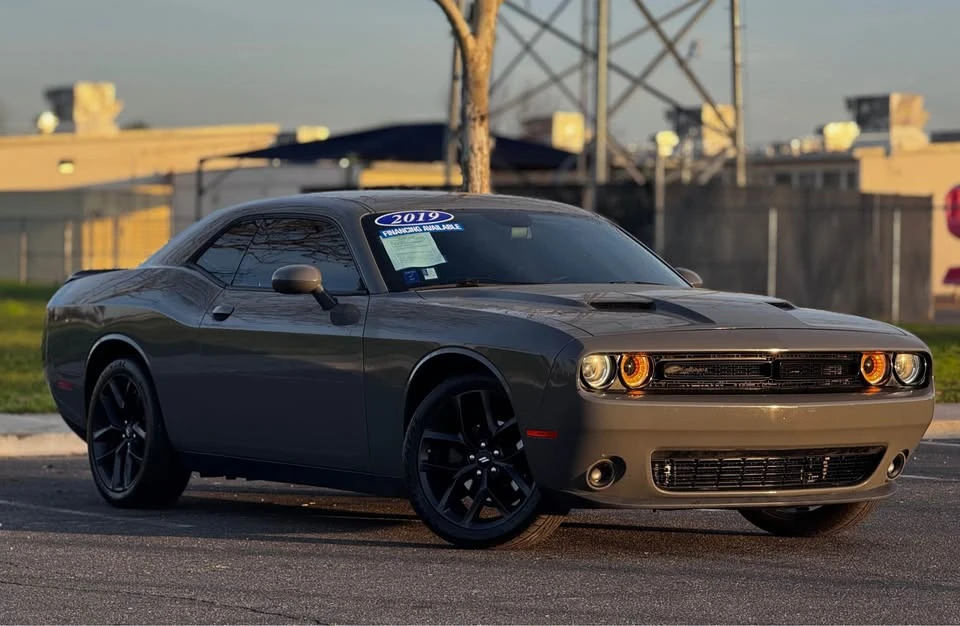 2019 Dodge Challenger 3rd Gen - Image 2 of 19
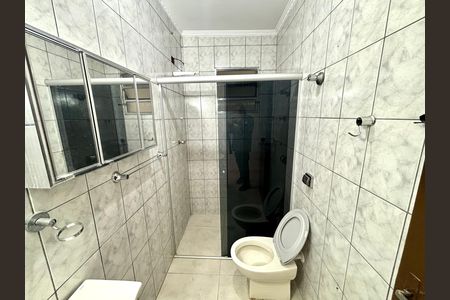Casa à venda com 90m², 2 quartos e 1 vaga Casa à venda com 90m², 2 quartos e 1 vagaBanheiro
──────
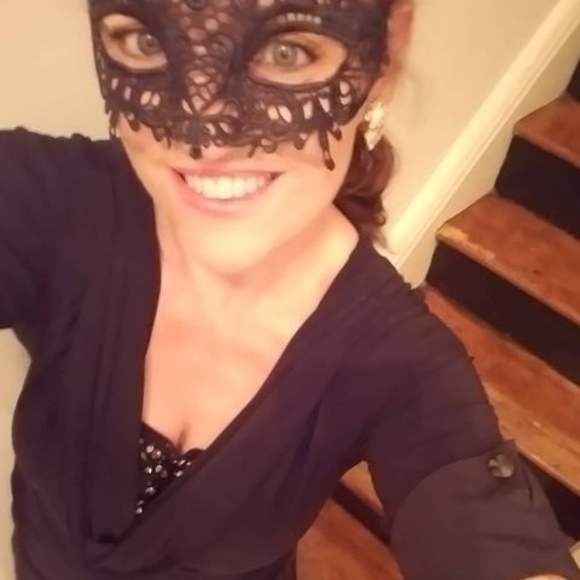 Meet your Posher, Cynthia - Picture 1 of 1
──────
WORK ORDER
Your answer must be the lines above from the one holding "2019 Dodge Challenger" up to and including the one holding "Casa à venda com 90m², 2 quartos e 1 vaga Casa", exact and with no pictures.

ANSWER TO THIS EXERCISE
 2019 Dodge Challenger 3rd Gen - Image 2 of 19
Casa à venda com 90m², 2 quartos e 1 vaga Casa à venda com 90m², 2 quartos e 1 vagaBanheiro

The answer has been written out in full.